Thanks to the groovy guys at Return of the Reluctant for the link

Rebinding companies

Miss Snark, can you explain how rebinding companies work?

Actually, I have no clue. I had to look up "rebinding" to find out it was the process of creating the binding you see on school books and "library bound" books. I've never dealt with that side of the business. Miss Snark strikes out...sorry!

How bikinis get into query letters I do not know...

Miss Snark, you have to understand that people have read that scary Noah Lukeman book, The First Five Pages, and it says stuff like if there is even an itsy-bitsy-teeny-weeny yellow polka-dot indentation on the edge of a single page, then the agent will instantly toss the entire package, because obviously the fool supplicant is sending previously-viewed paper.

Yes I've tossed stuff that was hard to read without more than a cursory glance. I get tired and cranky and impatient with people who send me work that looks like they don't give a damn. Mostly though I try to at least recognize effort and remember sometimes writers just don't know what industry standards are.

If you write well enough, I'll let you send me stuff with coffee stains.
But the cold hard truth is that 99.9% of y'all are NOT going to write well enough AT THIS STAGE OF YOUR CAREER to get away with that.

Right now, you need to err on the side of correctness. Which means following the guidelines right down to "no typos" and "no coffee stains" and no "teeny weenie polka dot bikini indentations" either.

This is like the haircut before the job interview; it demonstrates you wish to be taken seriously.

Agents are looking for good writing. It's a whole lot easier to focus on the writing when the words are spelled right, the font is easy to read and the page doesn't resemble Jackson Pollock.

Snarkometer Update

Do I understand correctly the rules of the coming Snark-O-Meter?
1. Coming sometime after Christmas or New Year's. A short window in which to send synopsis.

2. Synopsis is sent by e-mail, no attachments.

3. Synopsis is fewer than 1,000 words. Fewer the better.

4. Miss Snark will critique individually by return e-mail.

5. No use mailing gin gift certificates or rhinestone dog collars.

Nice try bucko.
No dice.
#4 is wrong. All synopses go up on the blog. I know this might make you hesitant to submit your work, but I'm not giving one on one critiques.

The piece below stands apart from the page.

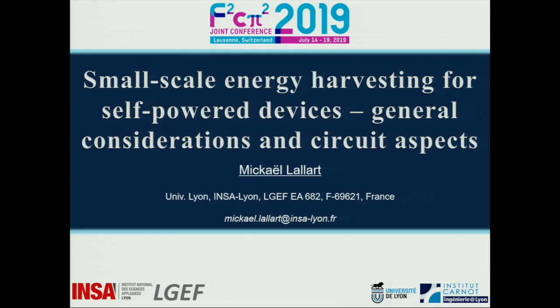Welcome to our last session today. The next talk will be by Michael Lalach about small-scale energy harvesting for self-powering devices. Good afternoon everyone. The basic idea behind this talk is actually a tutorial, as announced in the program. The choice I've made is not to provide recent progress, but rather to give some overviews and insights in terms of energy harvesting globally, with a focus on circuit aspects, mainly for piezoelectric and pyroelectric systems.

#5 is also completely incorrect. All gifts, bribes and tokens of love for Killer Yapp can be delivered to the doorman between 9am and 11am weekday mornings.

Batter up

Miss Snark,

I am an MFA student. Several agents visited our program last year; I signed with Agent A.

Agent A seemed very excited about working with me. He told me he liked to edit new writers‚ work and to submit their stories to magazines. But I'm afraid that he is no longer excited by, or interested in, my work. He's had two stories of mine since late summer. He's told me they need revision before he can send them out, and that we need to talk (he's perfectly right about the stories needing work). Four times he's e-mailed that he'll be in touch in a few days or a week. Unfortunately, he doesn't follow up, though I've e-mailed back, expressing my eagerness and availability for a conversation.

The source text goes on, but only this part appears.